Protecting Your Tooling Investment

Is Your Contract Manufacturer Protecting Your Tooling Investment?

For manufacturers in the automotive sector and beyond, plastic injection molds and metal stamping dies are a major investment that largely determines the quality of your end product. When working with a contract manufacturer, you are entrusting them to care for your molds and dies properly. How well they do that can make your programs run like clockwork or cause major headaches every step of the way.

In this article, we will cover how your molds and dies affect your business and outline the steps that a good contract manufacturing partner should take when caring for your tooling. We will also give you a brief overview of how our tooling department at LMC cares for our customers’ molds and dies. 

How Tooling Affects Your Business

No matter what method of manufacturing your parts require, tooling likely represents a significant investment in your business. It’s not uncommon for complex molds or dies to cost several hundred thousand dollars. Return on this investment hinges on your tooling’s life span and effectiveness. 

Effectiveness starts with smart tooling design that includes detailed component drawings. Material selection is key—choosing lesser quality steel may seem like an easy way to save money upfront, but inferior materials will be subject to more wear and tear, leading to increased downtime and eventually shorter tool life. High wear components such as coin blocks (sometimes referred to as perishables) should also be designed in a way that makes them easy to swap out for replacement or refinishing to their original specification. 

In addition to design, maintenance will also impact the end quality of your components. For example, dull edges and residue buildup can cause dimensional variations in parts. At best, these variations lead to rejected parts that wind up in the scrap bin, costing you money, time, and frustration. At worst, this issue can lead to safety failures or even recalls that can put consumers at risk and jeopardize the reputation and viability of your company. 

How Contract Manufacturers Can Help Protect Your Tooling

Collaboration between engineers from all sides can get any part program off on the right foot. From material selection to die or mold design, your contract manufacturing partner can work with your tooling provider or your in-house engineering team to optimize tooling for manufacturability. This can also include running capabilities studies on the critical dimensions of sample parts before your program enters full production.

If you’re working with a new supplier on an existing program, it’s helpful to provide them any drawings or documentation you have on your tooling. If these documents aren’t accessible, then a good contract manufacturer will have the capability to reverse engineer die or mold components to bring them up to standard or fabricate spares to have on hand. 

Your supplier partner should also have a regular, well-documented preventive maintenance (PM) program to ensure molds and dies continue to produce high quality, in-spec parts throughout the entire life of your program. For metal stamping and plastic injection molding, an effective PM program can include several things:

  • Sharpening the tool. Proper edges are critical to achieving in-spec tolerances on metal stampings.
  • Analyzing high wear areas that can impact part quality or tool integrity. These components may or may not be swapped out or refurbished every PM cycle.
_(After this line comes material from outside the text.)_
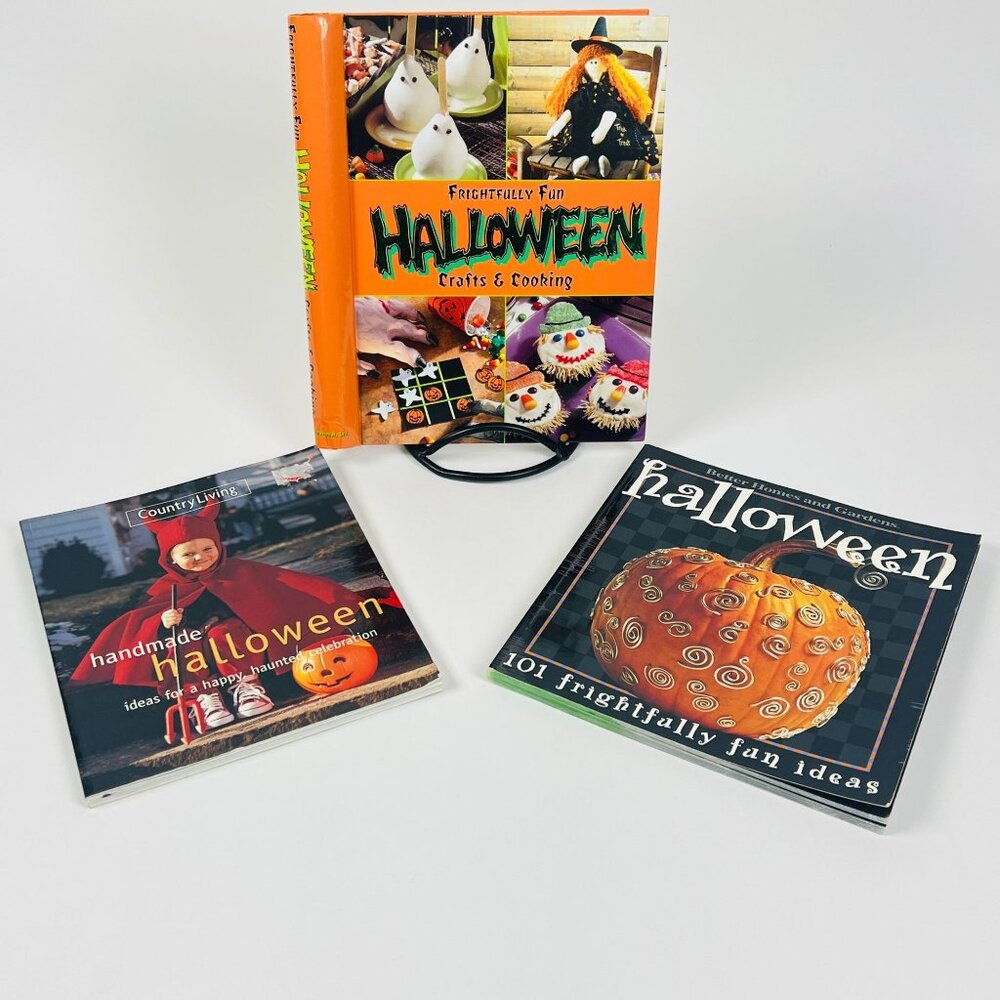 Vintage 3 Halloween Frightful Fun Idea Books Decor Crafting Cooking 2000-2002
Contract manufacturers may perform this in-house or work with a tooling partner to run components through a high-speed mill for refurbishing. 
  • Replacing pins and bushings. Like wiper blades on a car, pins and bushings require routine replacement to ensure proper tooling alignment so that the tool will continue to function properly.
  • Cleaning. For plastic injection molds, gases can build up in vents and gating. Molds should be taken apart and thoroughly cleaned at special determined frequencies based on part design, material selection, mold design complexity, and critical characteristics based on performance.
  • Testing. While testing occurs much more frequently than a complete PM, a good contract manufacturer will have rigorous testing procedures in place to ensure that your tooling is yielding good parts.

Tooling Design and Maintenance at LMC Industries

Over the past 75 years in business at LMC, we’ve built a full tooling department to support our manufacturing operations and ensure consistent quality for our customers. Our tooling engineers have nearly a century of combined experience designing, building, and maintaining metal stamping dies and plastic injection molds for peak performance. Here are a few ways they accomplish that.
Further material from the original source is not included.